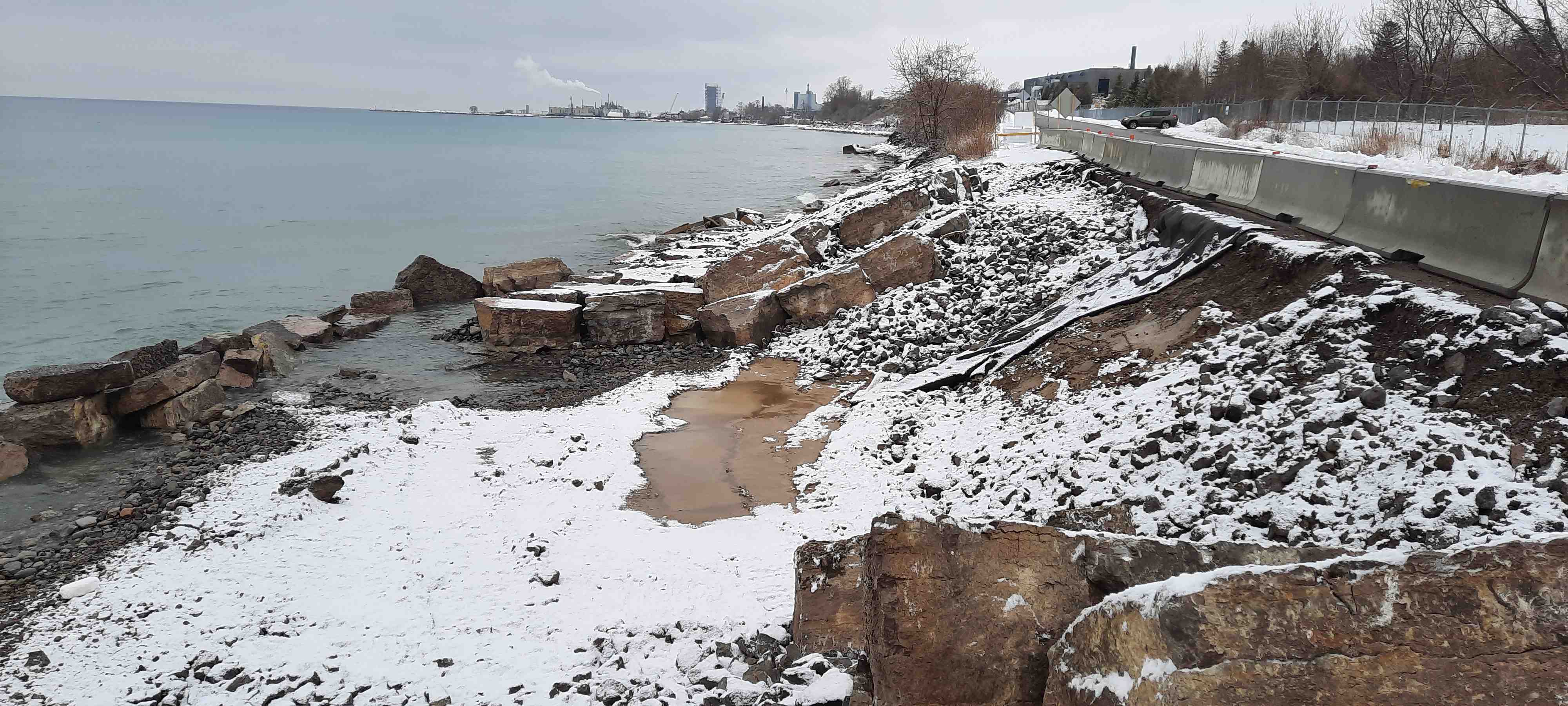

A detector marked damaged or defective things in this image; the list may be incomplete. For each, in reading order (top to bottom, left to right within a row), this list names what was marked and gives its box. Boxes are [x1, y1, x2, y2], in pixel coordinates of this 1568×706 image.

broken limestone block [847, 187, 928, 251]
broken limestone block [347, 289, 414, 314]
broken limestone block [395, 256, 480, 308]
broken limestone block [483, 256, 577, 295]
broken limestone block [474, 295, 586, 350]
broken limestone block [586, 290, 665, 347]
broken limestone block [702, 290, 790, 348]
broken limestone block [706, 234, 815, 301]
broken limestone block [778, 260, 878, 326]
broken limestone block [853, 234, 935, 292]
broken limestone block [0, 392, 114, 446]
broken limestone block [3, 361, 135, 405]
broken limestone block [107, 339, 180, 378]
broken limestone block [109, 351, 221, 417]
broken limestone block [137, 378, 227, 427]
broken limestone block [1047, 537, 1568, 703]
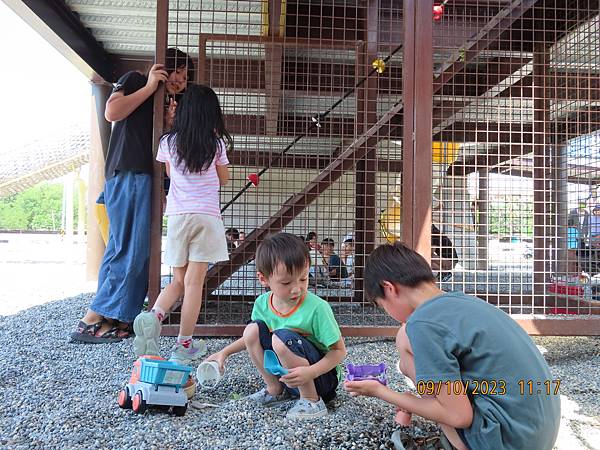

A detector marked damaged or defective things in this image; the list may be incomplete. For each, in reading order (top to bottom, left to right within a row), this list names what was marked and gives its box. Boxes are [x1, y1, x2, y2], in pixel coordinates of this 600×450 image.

rusty steel column [85, 80, 111, 278]
rusty steel column [148, 0, 169, 306]
rusty steel column [354, 1, 378, 302]
rusty steel column [404, 0, 432, 260]
rusty steel column [532, 44, 552, 302]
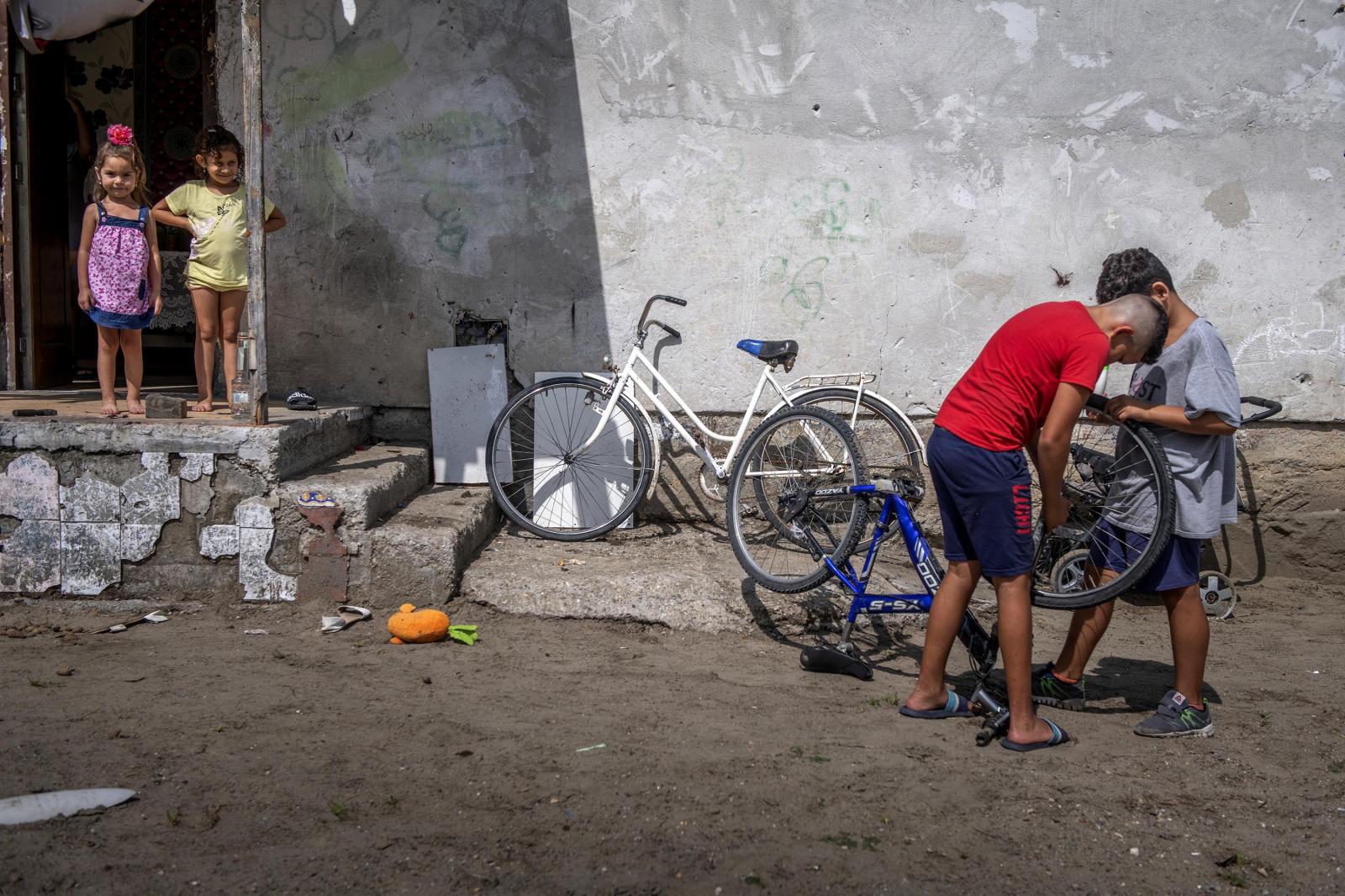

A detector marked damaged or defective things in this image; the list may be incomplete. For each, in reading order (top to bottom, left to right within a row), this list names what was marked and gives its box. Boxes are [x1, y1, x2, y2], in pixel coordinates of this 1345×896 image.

broken tile [0, 451, 60, 521]
broken tile [0, 518, 61, 595]
broken tile [60, 471, 121, 521]
broken tile [61, 521, 121, 592]
broken tile [119, 524, 163, 558]
broken tile [122, 467, 182, 524]
broken tile [177, 454, 214, 481]
broken tile [198, 521, 240, 555]
broken tile [235, 501, 274, 528]
broken tile [239, 524, 298, 602]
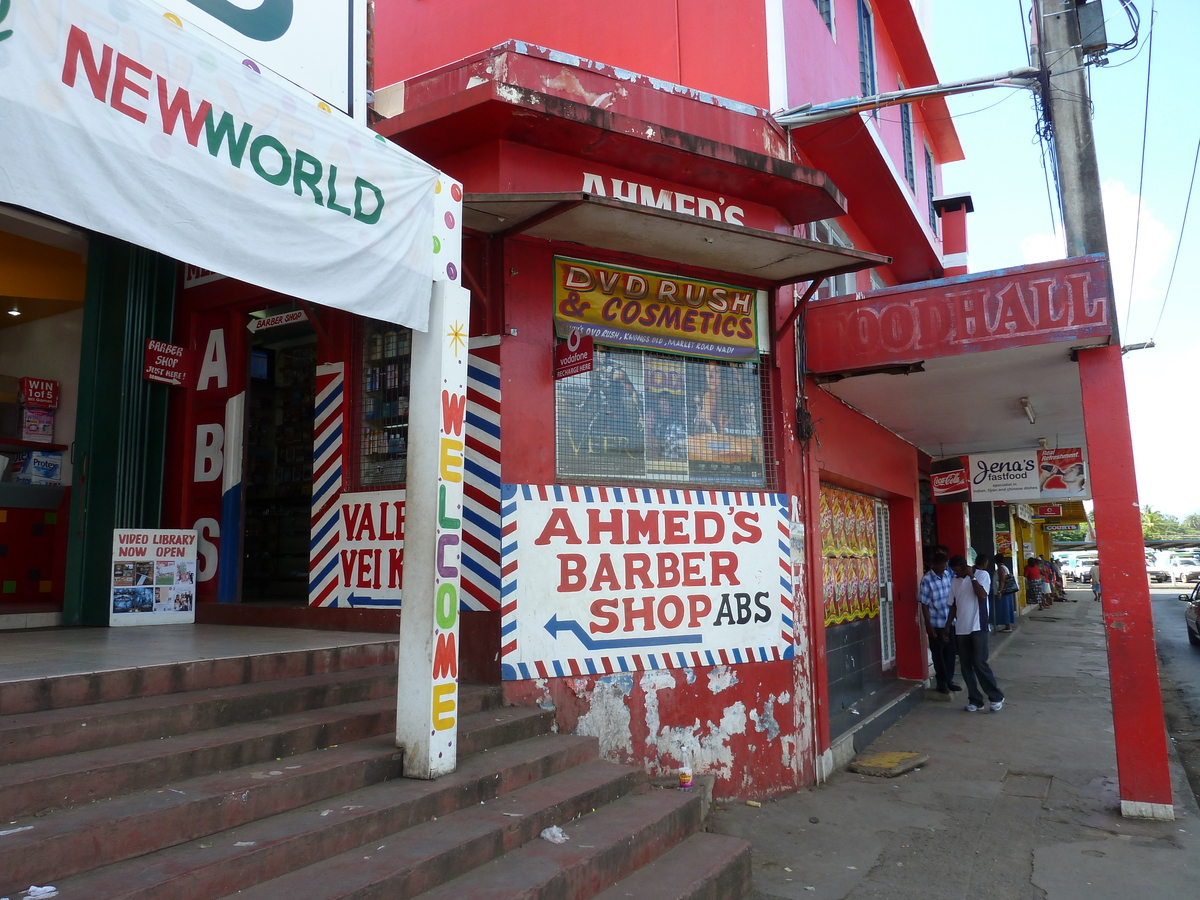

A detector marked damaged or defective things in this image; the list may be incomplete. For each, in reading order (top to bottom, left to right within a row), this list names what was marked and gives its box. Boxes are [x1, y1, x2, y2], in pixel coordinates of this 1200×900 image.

peeling paint [576, 676, 632, 760]
peeling paint [708, 664, 736, 692]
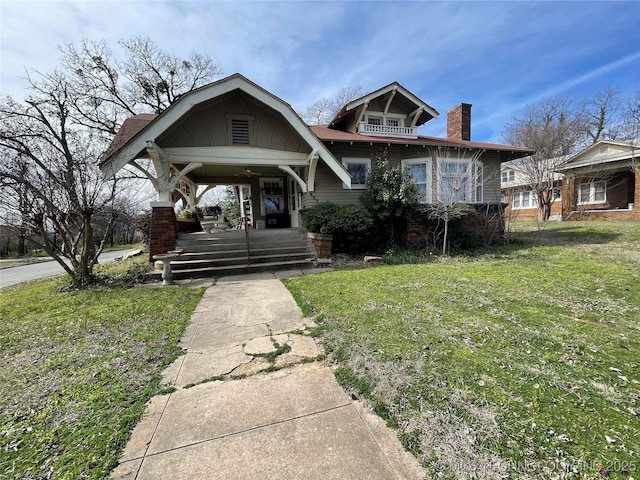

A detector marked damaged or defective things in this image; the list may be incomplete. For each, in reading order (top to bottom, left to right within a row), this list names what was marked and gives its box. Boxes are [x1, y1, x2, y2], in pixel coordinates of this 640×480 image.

cracked concrete walkway [112, 272, 428, 478]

_____

## WHAT YOU SHOULD DO
What is needed is a verbatim copy of the entries, leaving out any pictures.

## TASK RESPONSE
A detector marked damaged or defective things in this image; the list may be incomplete. For each, in reading order (top to bottom, left to right within a row), this list names what was marked and gives its box. Boxes are [x1, y1, x2, y2], in pixel coordinates of this 1568×706 image.

broken limestone block [847, 187, 928, 251]
broken limestone block [347, 289, 414, 314]
broken limestone block [395, 256, 480, 308]
broken limestone block [483, 256, 577, 295]
broken limestone block [474, 295, 586, 350]
broken limestone block [586, 290, 665, 347]
broken limestone block [702, 290, 790, 348]
broken limestone block [706, 234, 815, 301]
broken limestone block [778, 260, 878, 326]
broken limestone block [853, 234, 935, 292]
broken limestone block [0, 392, 114, 446]
broken limestone block [3, 361, 135, 405]
broken limestone block [107, 339, 180, 378]
broken limestone block [109, 351, 221, 417]
broken limestone block [137, 378, 227, 427]
broken limestone block [1047, 537, 1568, 703]

A detector marked damaged or defective things in this image; the list may be incomplete. For each, in reading order (top to bottom, left to right within a row), this list names what was marked and gives its box. Boxes are [x1, y1, x2, y2], in pixel coordinates of this 600×450 image.

rusty steel column [85, 80, 111, 278]
rusty steel column [148, 0, 169, 306]
rusty steel column [354, 1, 378, 302]
rusty steel column [404, 0, 432, 260]
rusty steel column [532, 44, 552, 302]

A detector marked damaged or defective things in this image; the list may be incomplete. For each, in reading order (top to bottom, left to right within a row), this list names what was marked and gives its box. Boxes are [x1, y1, x2, y2], in pixel coordinates of this 1345×896 image.

broken tile [0, 451, 60, 521]
broken tile [0, 518, 61, 595]
broken tile [60, 471, 121, 521]
broken tile [61, 521, 121, 592]
broken tile [119, 524, 163, 558]
broken tile [122, 467, 182, 524]
broken tile [177, 454, 214, 481]
broken tile [198, 521, 240, 555]
broken tile [235, 501, 274, 528]
broken tile [239, 524, 298, 602]

A detector marked damaged or defective things in this image; the list may be incomplete. For each, in reading order (top to bottom, left to right within a row), this list names what was marked and gives its box. Boxes are [x1, y1, x2, y2], in pixel coordinates of this 1200×900 image.

peeling paint [576, 676, 632, 760]
peeling paint [708, 664, 736, 692]

A detector marked damaged or defective things in this image; the list may be incomplete. For each, in reading order (top to bottom, left to right within a row), this list names what was marked and gives its box. Boxes are [x1, y1, x2, y2], in pixel coordinates of this 640×480 image.

cracked concrete walkway [112, 272, 428, 478]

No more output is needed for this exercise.